[Records from a collection]
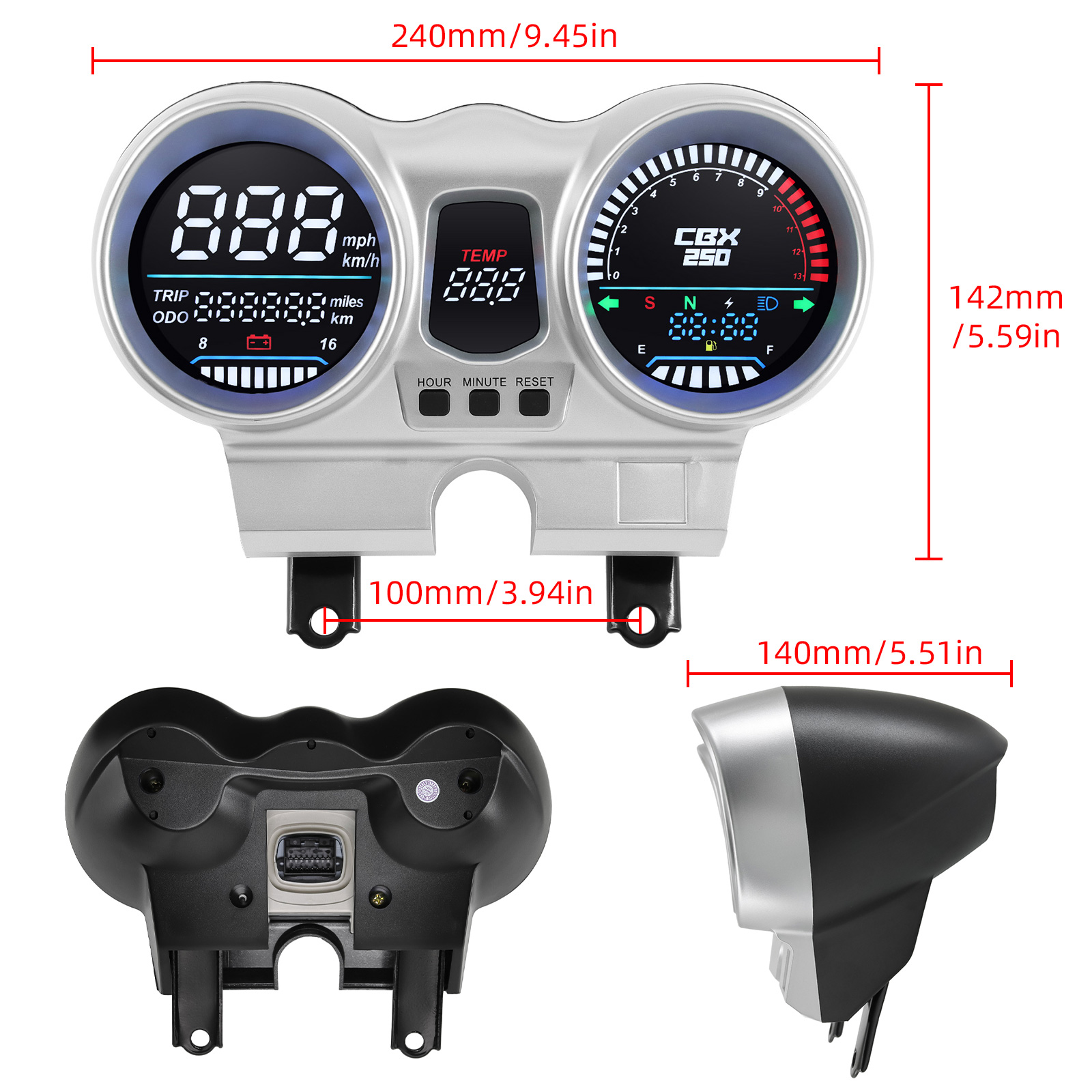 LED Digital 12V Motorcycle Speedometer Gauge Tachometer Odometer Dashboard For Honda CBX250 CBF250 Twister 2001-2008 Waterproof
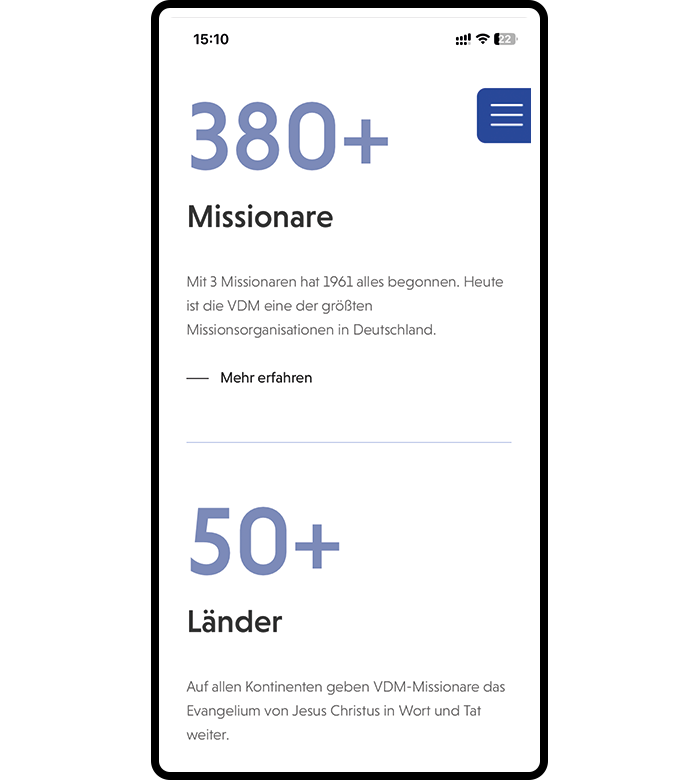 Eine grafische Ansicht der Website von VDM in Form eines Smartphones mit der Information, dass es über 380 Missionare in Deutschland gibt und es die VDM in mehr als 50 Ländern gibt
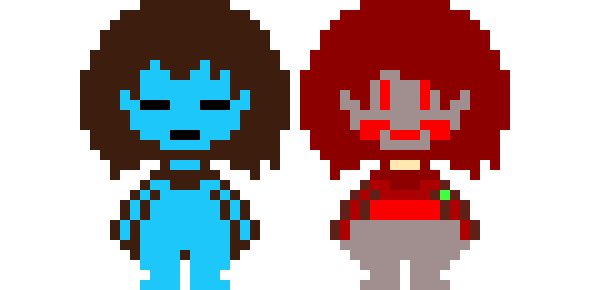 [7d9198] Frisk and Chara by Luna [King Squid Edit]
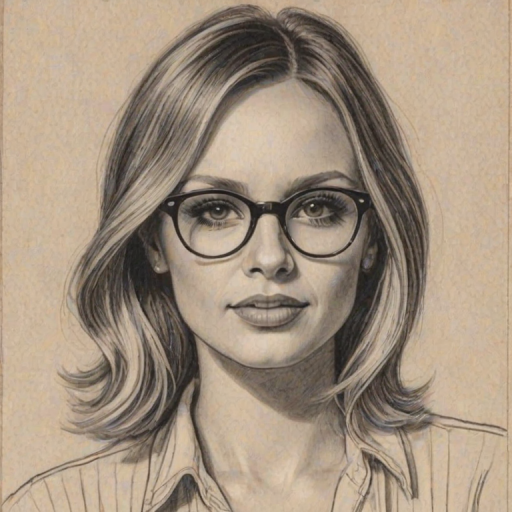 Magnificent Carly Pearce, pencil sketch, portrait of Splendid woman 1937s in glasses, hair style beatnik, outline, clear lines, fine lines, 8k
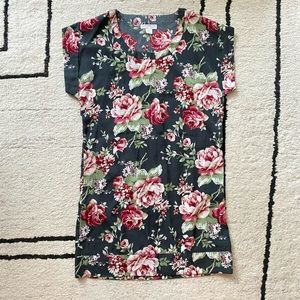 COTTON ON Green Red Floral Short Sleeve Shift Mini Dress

WORK ORDER ▸
Where the line containing "[7d9198] Frisk and" appears in the data above, begin there and output every line through the last, exactly and without pictures.

RESPONSE BOX ▸
 [7d9198] Frisk and Chara by Luna [King Squid Edit]
 Magnificent Carly Pearce, pencil sketch, portrait of Splendid woman 1937s in glasses, hair style beatnik, outline, clear lines, fine lines, 8k
 COTTON ON Green Red Floral Short Sleeve Shift Mini Dress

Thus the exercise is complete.